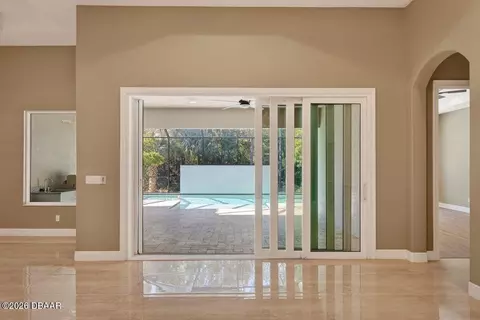 Living - 708 Woodbridge Ct, Ormond Beach, FL 32174 photo 4 of 6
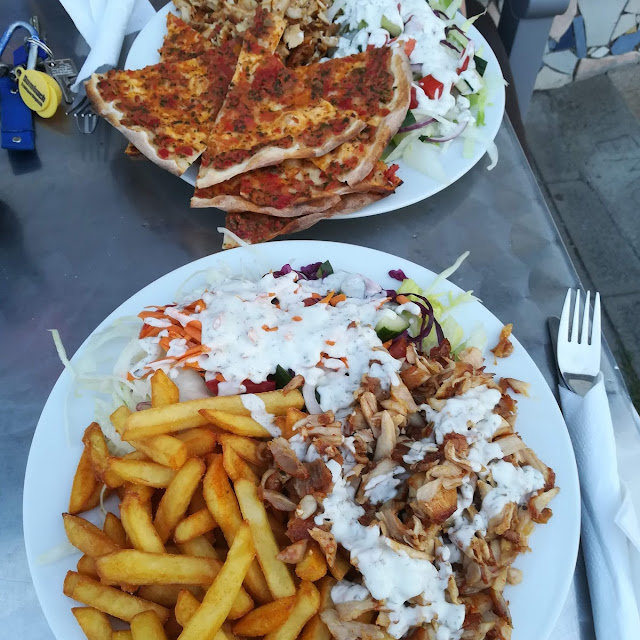 Döner Teller Und Anatolien Menü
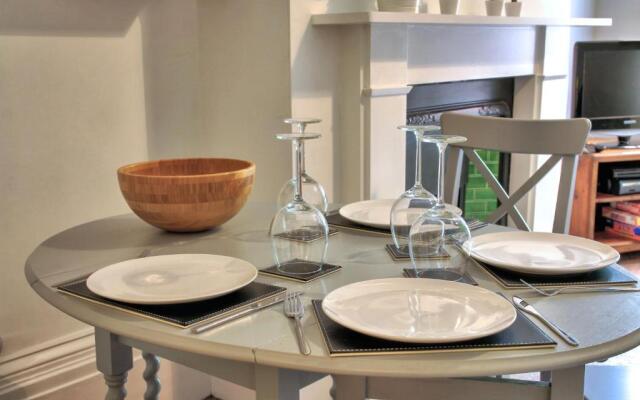 Great family flat just 10 mins walk to beach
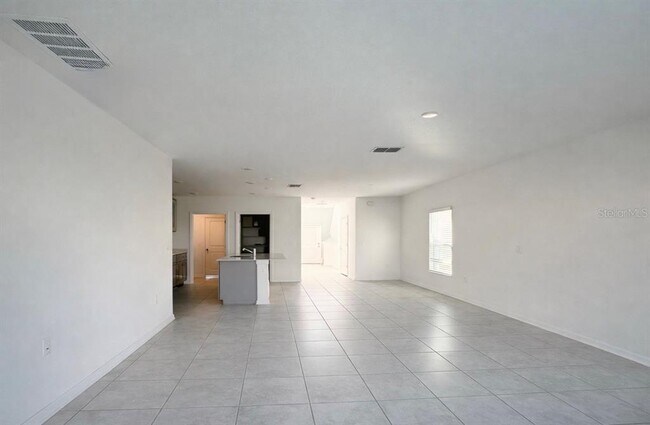 Building Photo - 1580 Marksman Rd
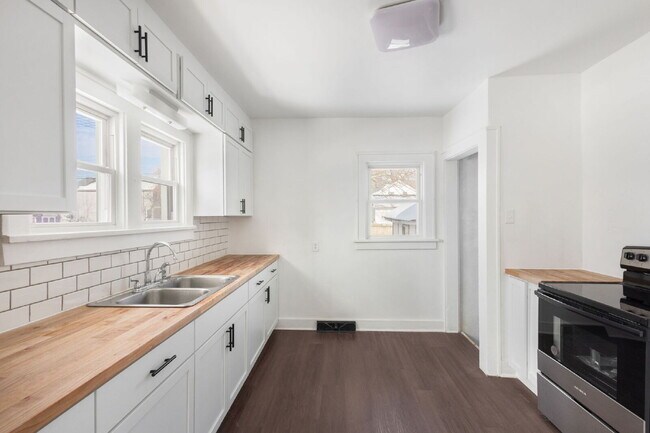 Building Photo - NOW AVAILABLE.  Fully remodeled...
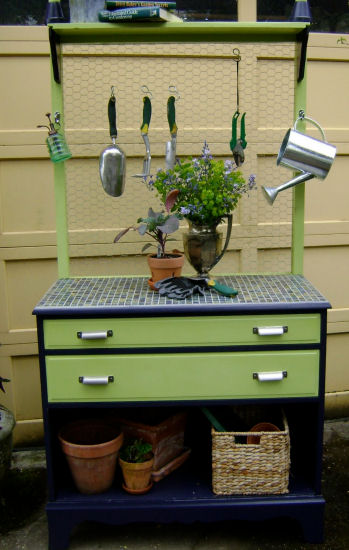 repurposed-dresser-dresser-turned-into-garden-potting-bench-jarden-designs-blog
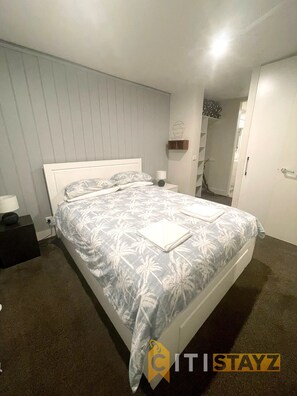 1 bedroom, iron/ironing board, free WiFi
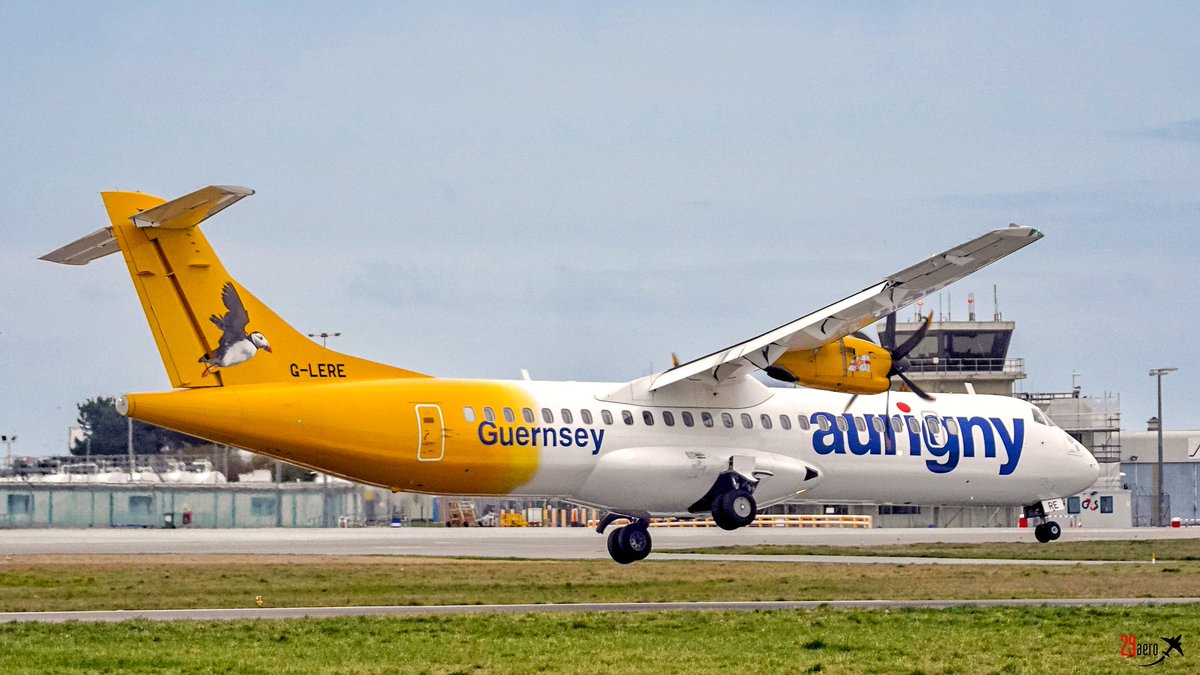 29Aviation's tweet photo. https://t.co/j8oVVHMB6m An #Aurigny #ATR72 fighting the gale force cross winds at #Guernsey #Airport this afternoon. #MyAurigny #ATRAircraft #Aviation #AvGeek #Plane #Pilot #Propjet #Aircraft #Airplane #Airline #Weather #Storm #MegaPlane #GCI #Briatol #BRS #Avion #Flugzeug https://t.co/03jJAgFYqe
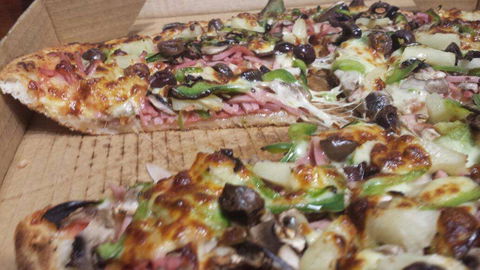 Papa's Pizza & Pasta - Sydneys Hotel 0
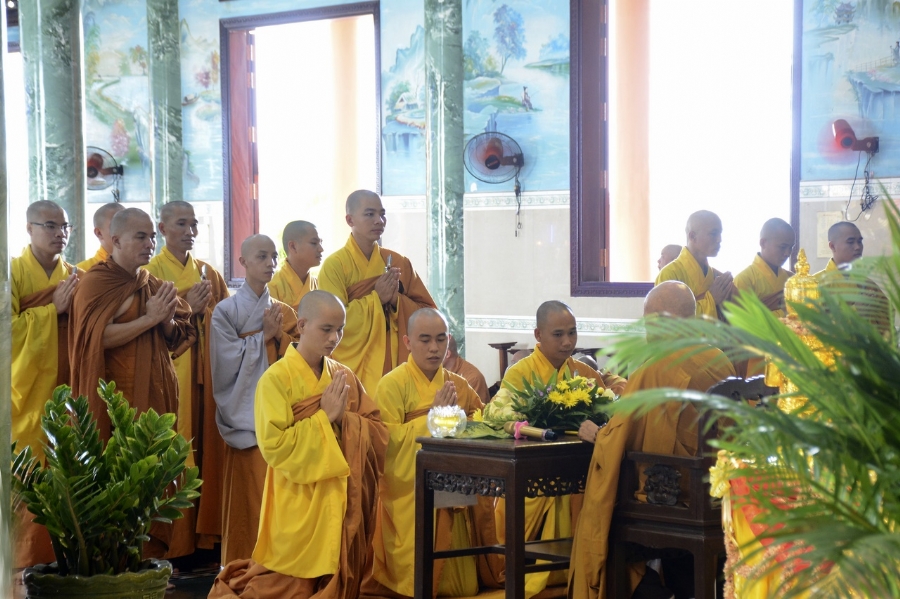 Hoang Phap Monk Join the Monastic Confession 2019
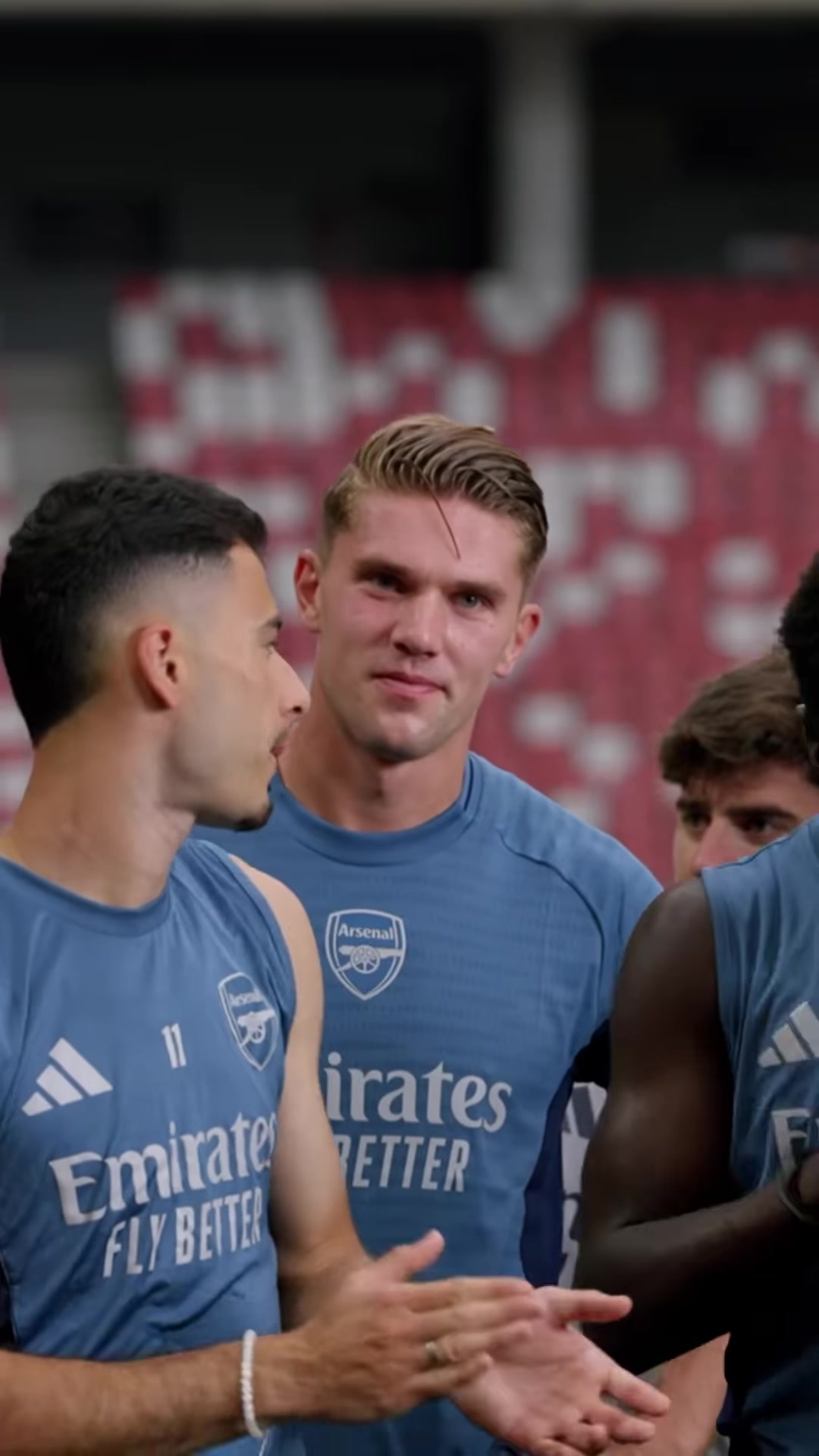 約克雷斯首次參加阿森納訓(xùn)練接受全隊(duì)拍背歡迎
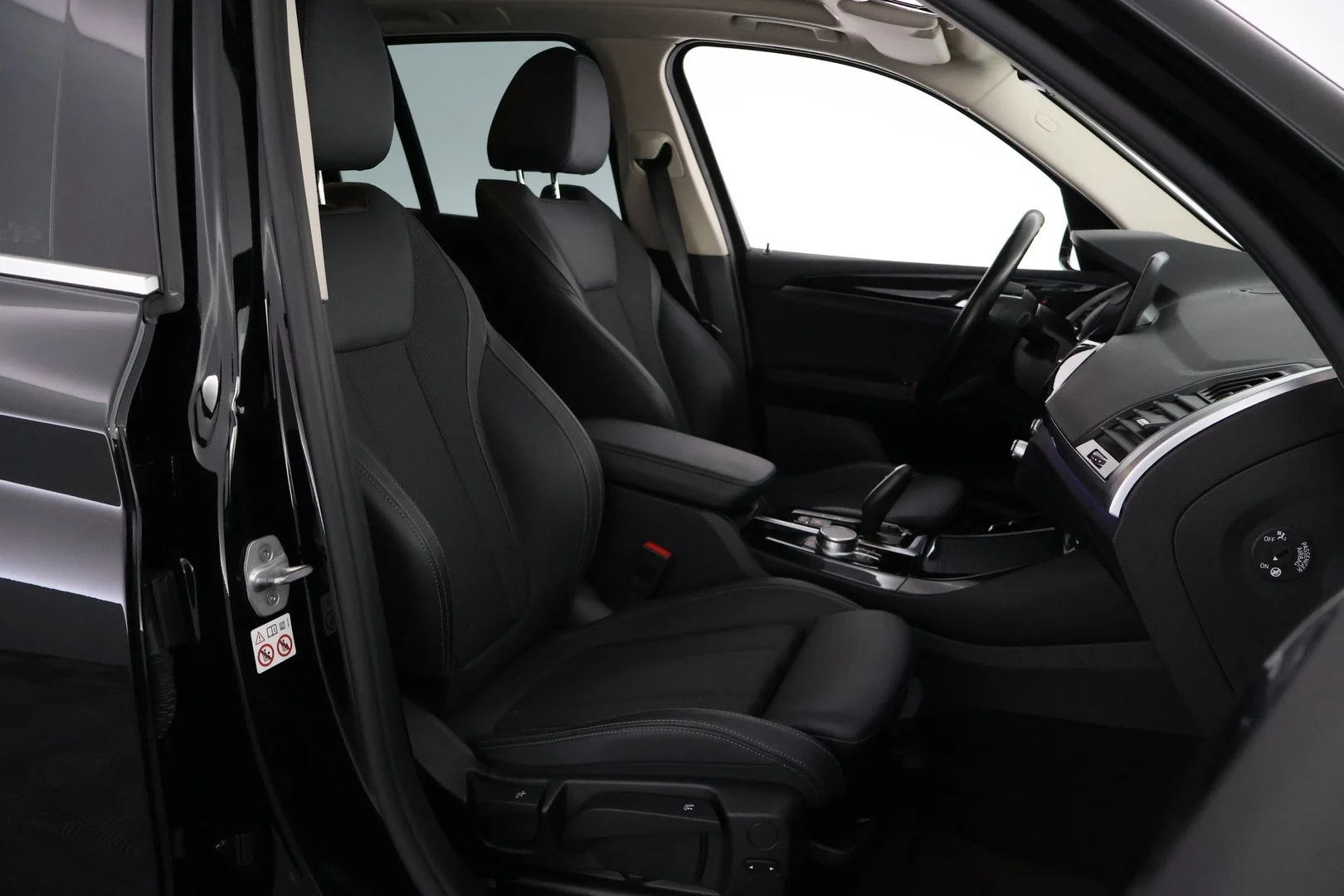 Car Image - 5K8eEA1Iq8a7DrGbOpi5Gf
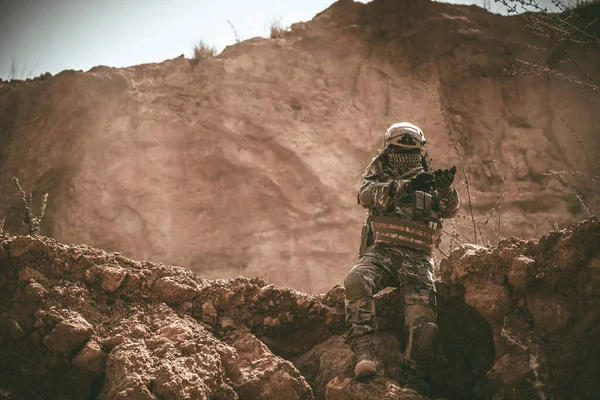 砂漠での戦争に特殊部隊の兵士 タイ人 陸軍兵士最前線をパトロール — ストック写真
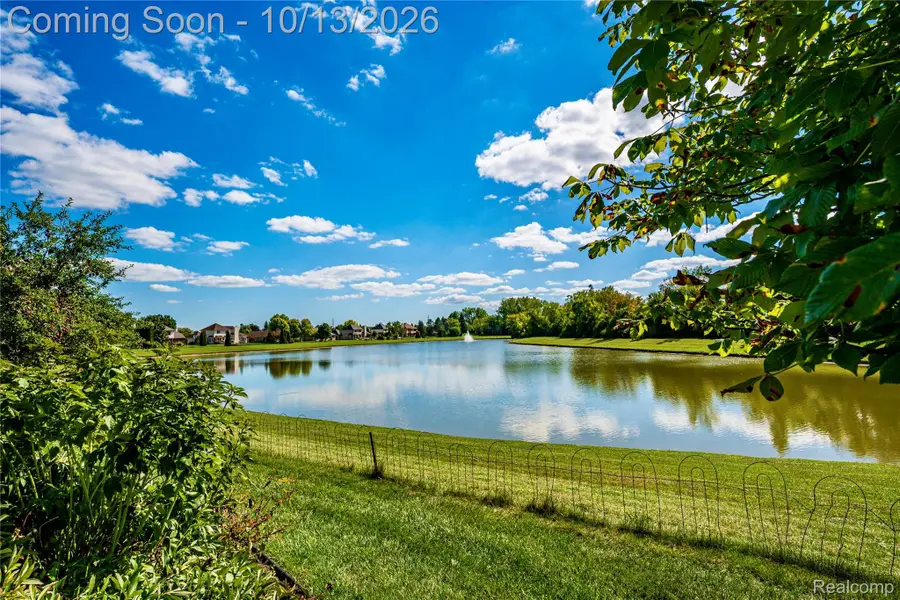 3214 Chesapeake Drive, Sterling Heights, MI 48314 - #3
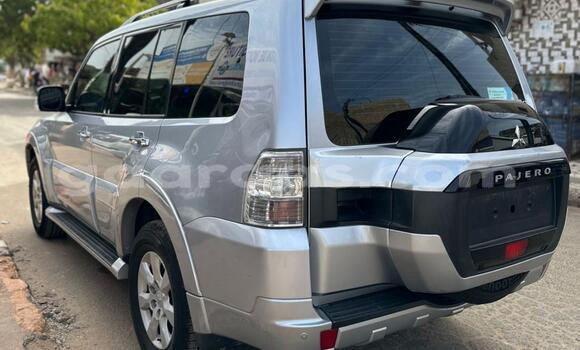 Acheter Neuf Voiture Mitsubishi Pajero Beige à Dakar, Dakar Acheter Neuf Voiture Mitsubishi Pajero Beige à Dakar, Dakar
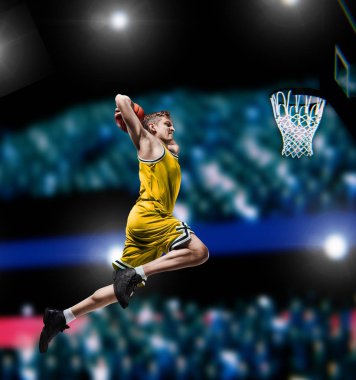 basketbol arenada dunk Slam yapma basketbolcu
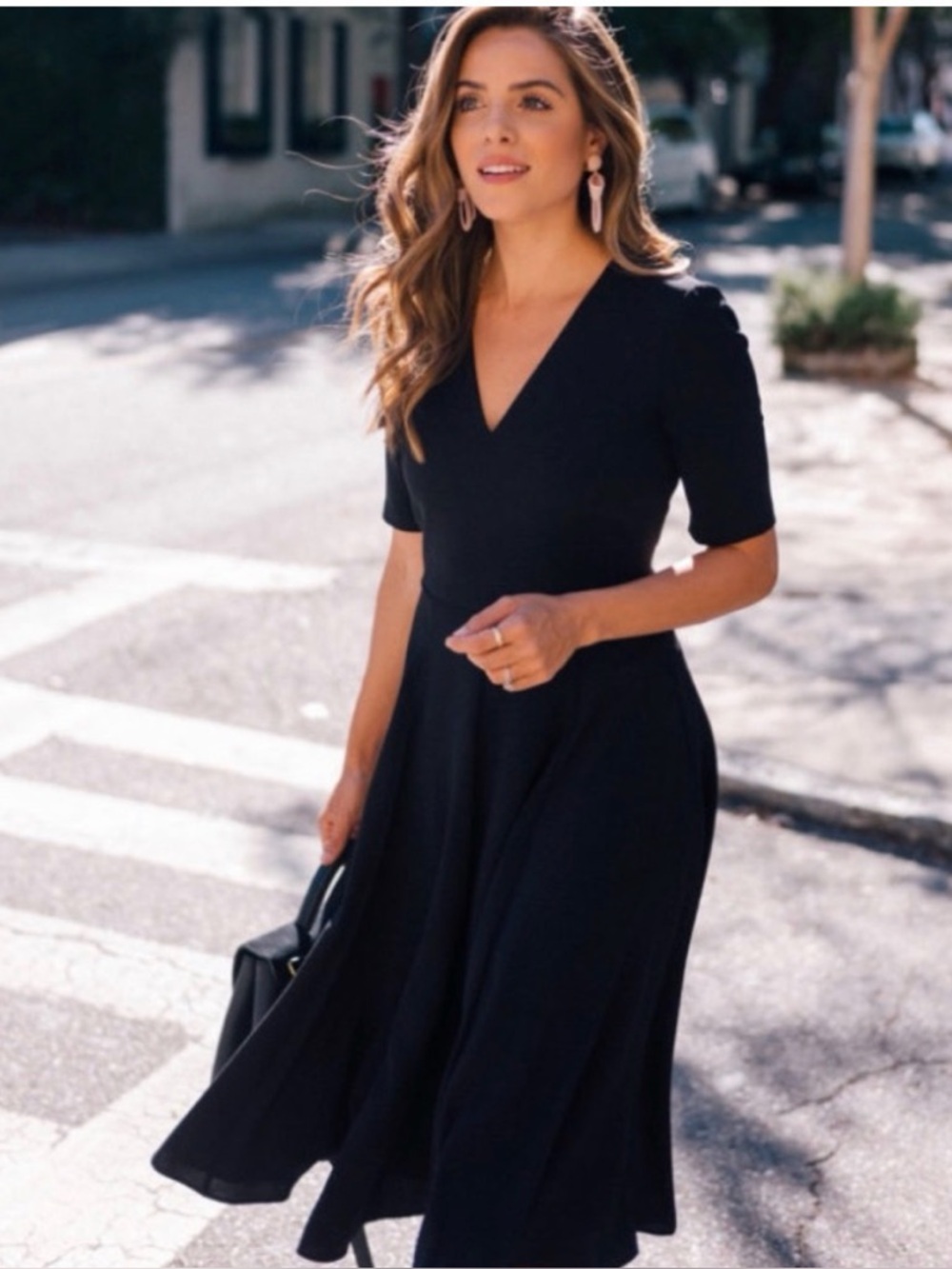 Gal Meets Glam Black Midi A-Line V-Neck Dress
================================
Leave out every picture, and repeat word for word only the lines from the one holding "basketbol arenada dunk" through the end of the entries above, both ends included.

RESULT FOR THIS TASK -
 basketbol arenada dunk Slam yapma basketbolcu
 Gal Meets Glam Black Midi A-Line V-Neck Dress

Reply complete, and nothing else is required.